Work task:
From the first line of the entries down to the line with "Giải bài tập", write out every line exactly; that last line counts, but pictures do not.

Dataset excerpts:
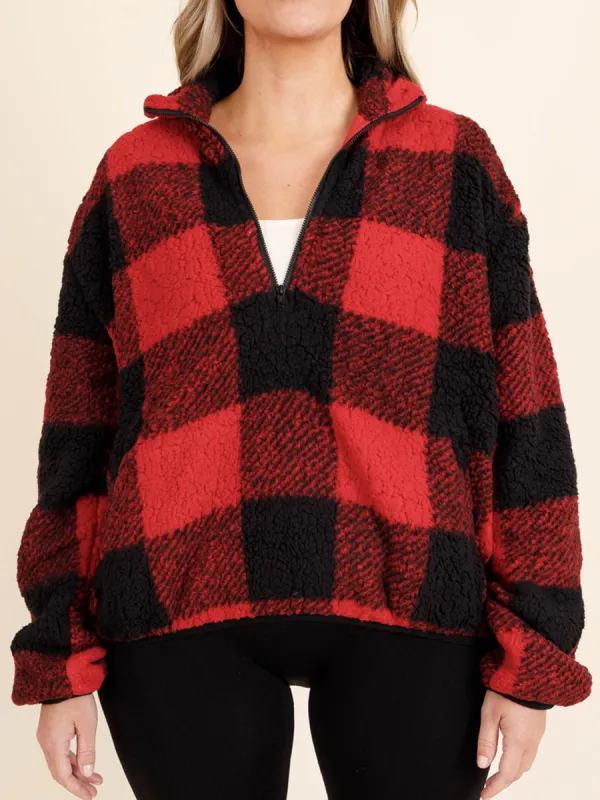 Red Plaid Zippered Pocket Hoodie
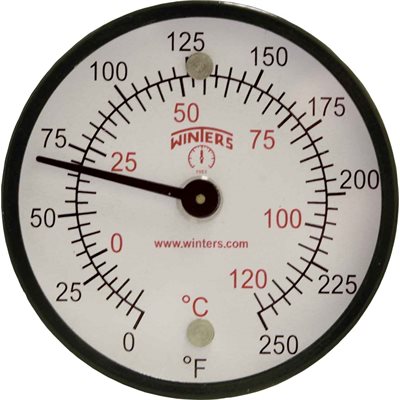 Surface Magnet Thermometer Metallic n / a Steel 2'' 0 / 250 F / C n / a Centre Back No Socket Magnet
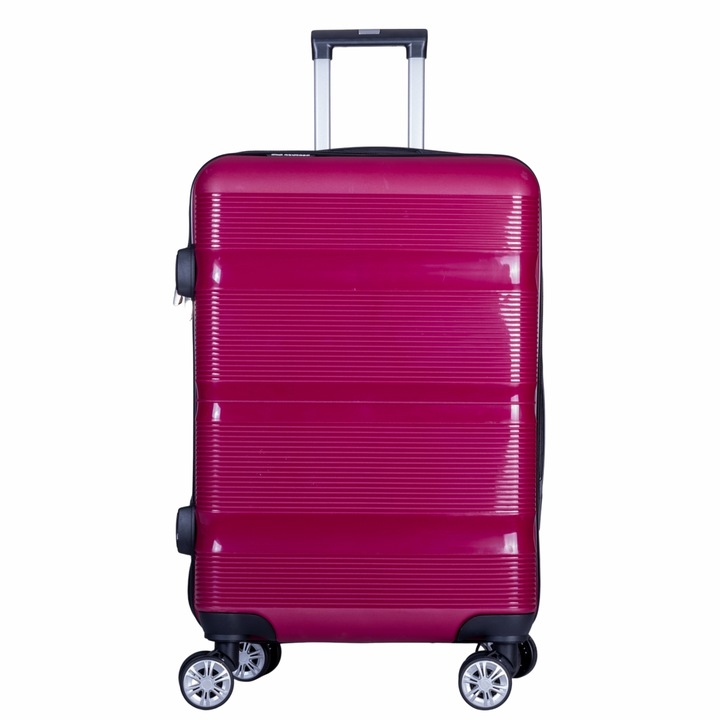 Troler voiaj Mare, Naimeed D6015, 4 roti duble 360 grade, PP, inchidere cifru, Visiniu, 47x25.5x67cm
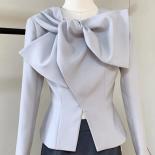 High Street Newest 2023 Fall Winter Designer Fashion Women Butterfly Collar Long Sleeve Tunic Spliced Folds Jacket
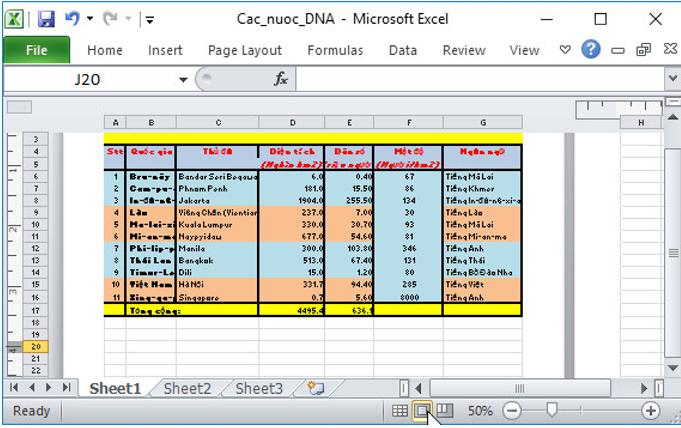 Giải bài tập SGK Tin học 7 bài 7: Trình bày và in trang tính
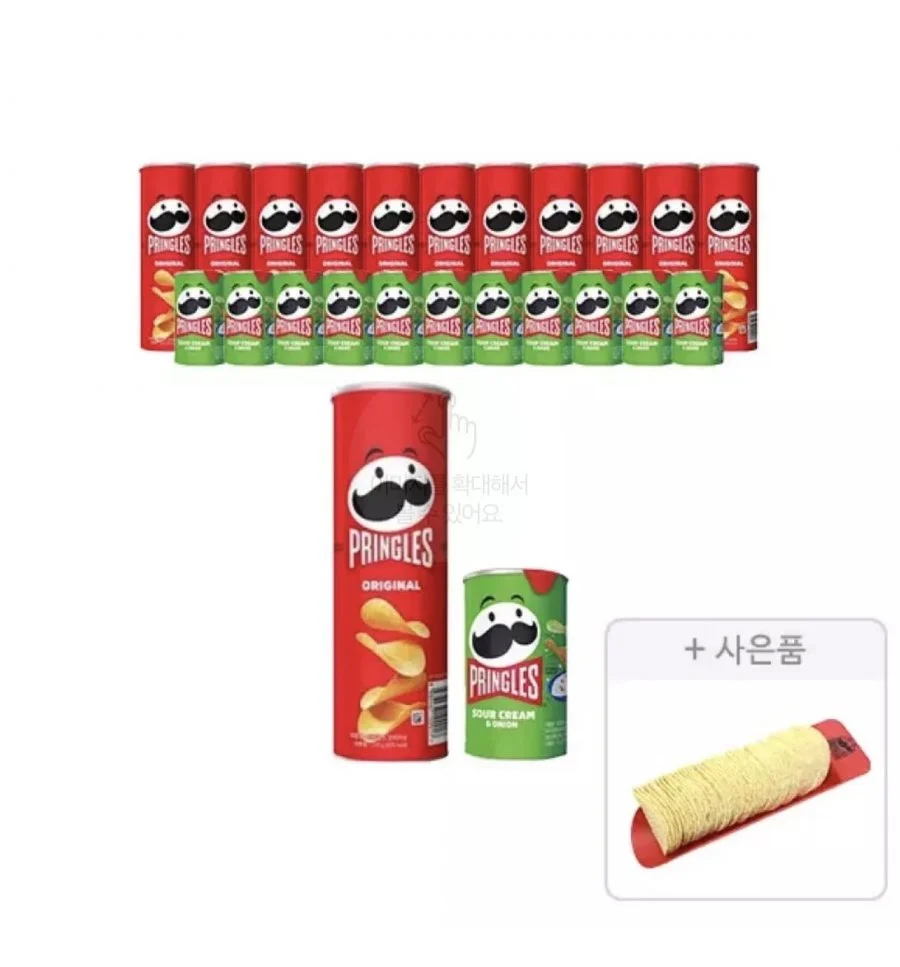프링글스 오리지날 110g, 12개+양파맛 53g, 12개 + 증정(프링글스 트레이, 1개)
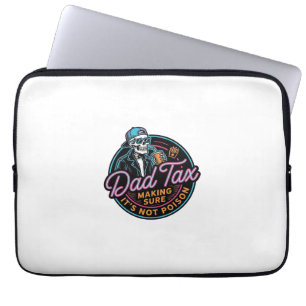 Funny Dad Tax Skeleton Vintage Engraving Shirt Des Laptop Sleeve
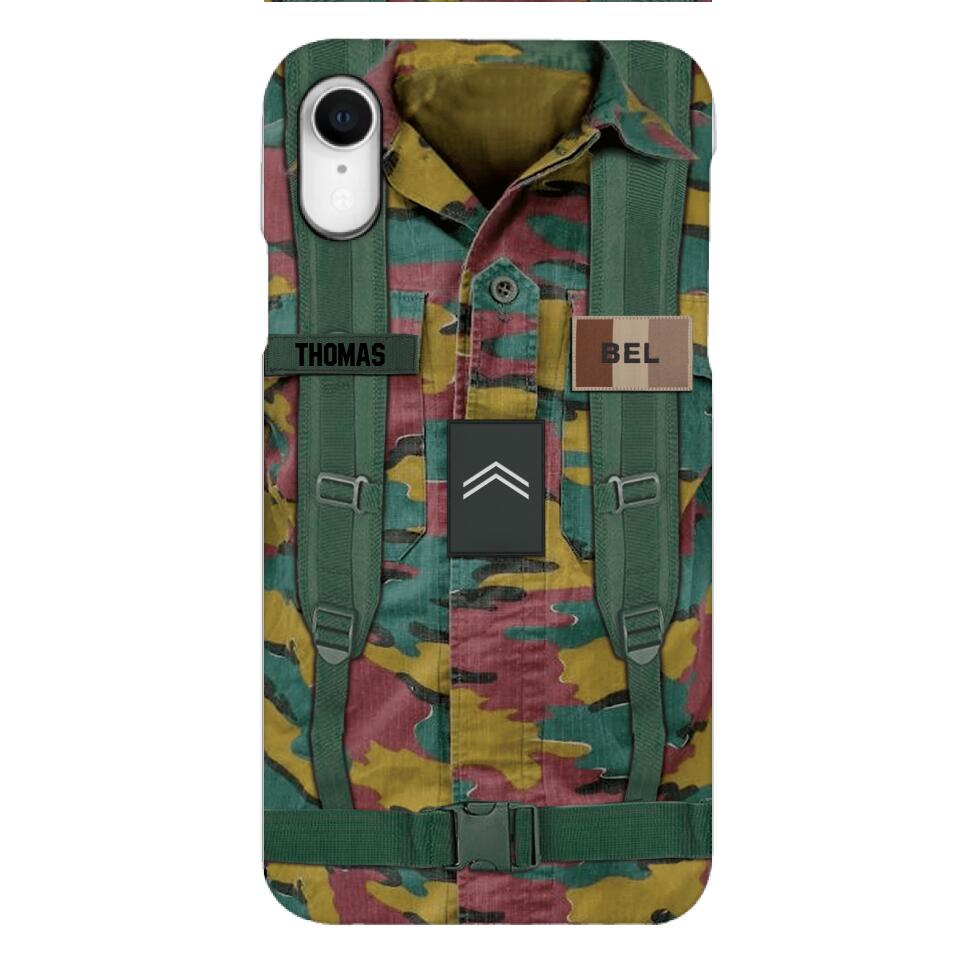 Personalized Belgium Army Veteran Camo Phone Case Printed 3T 3103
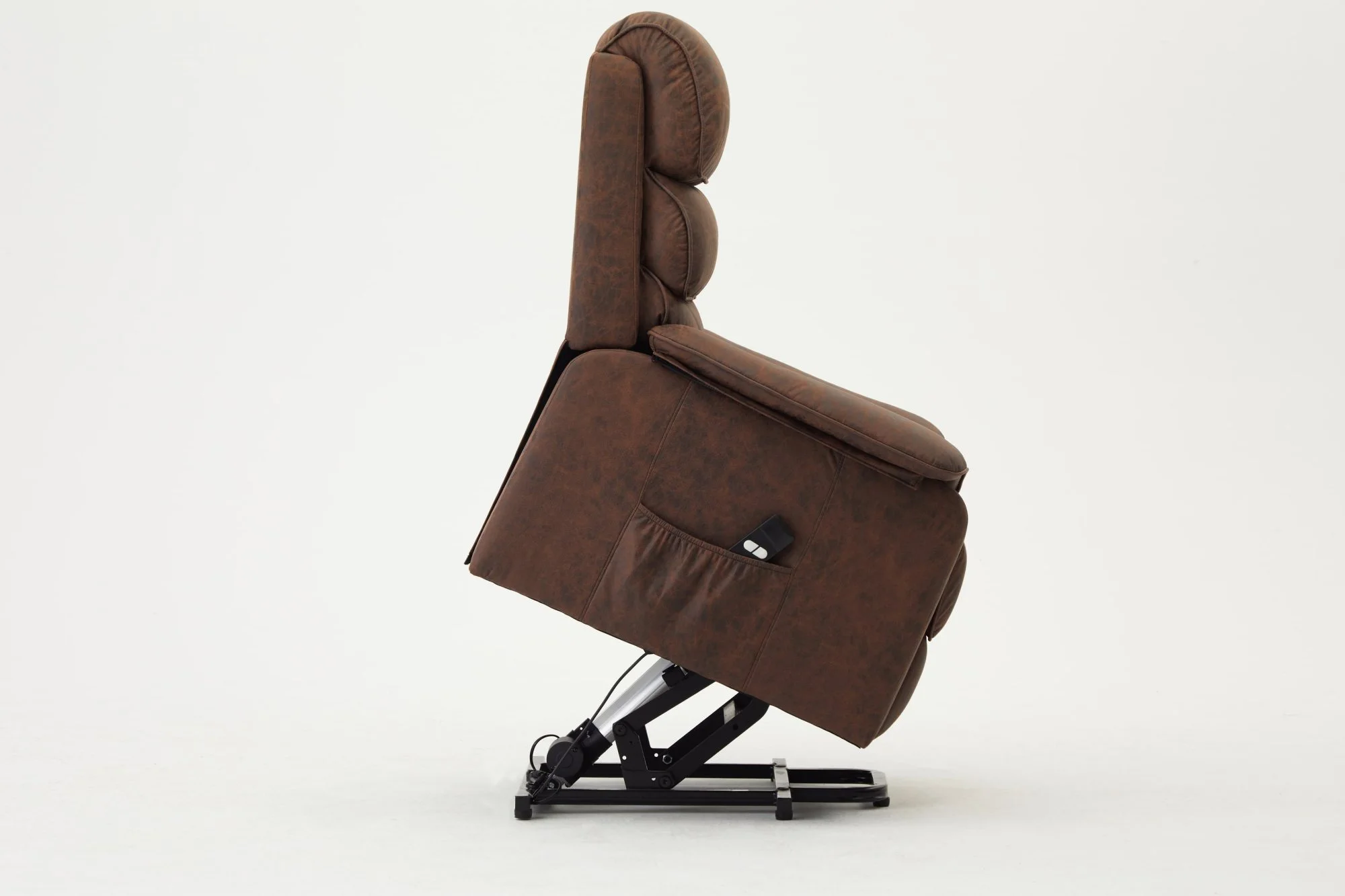 TGC TGC Lewis Single Motor Brown Air Faux Leather Riser Recliner Chair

Your response:
 Red Plaid Zippered Pocket Hoodie
 Surface Magnet Thermometer Metallic n / a Steel 2'' 0 / 250 F / C n / a Centre Back No Socket Magnet
 Troler voiaj Mare, Naimeed D6015, 4 roti duble 360 grade, PP, inchidere cifru, Visiniu, 47x25.5x67cm
 High Street Newest 2023 Fall Winter Designer Fashion Women Butterfly Collar Long Sleeve Tunic Spliced Folds Jacket
 Giải bài tập SGK Tin học 7 bài 7: Trình bày và in trang tính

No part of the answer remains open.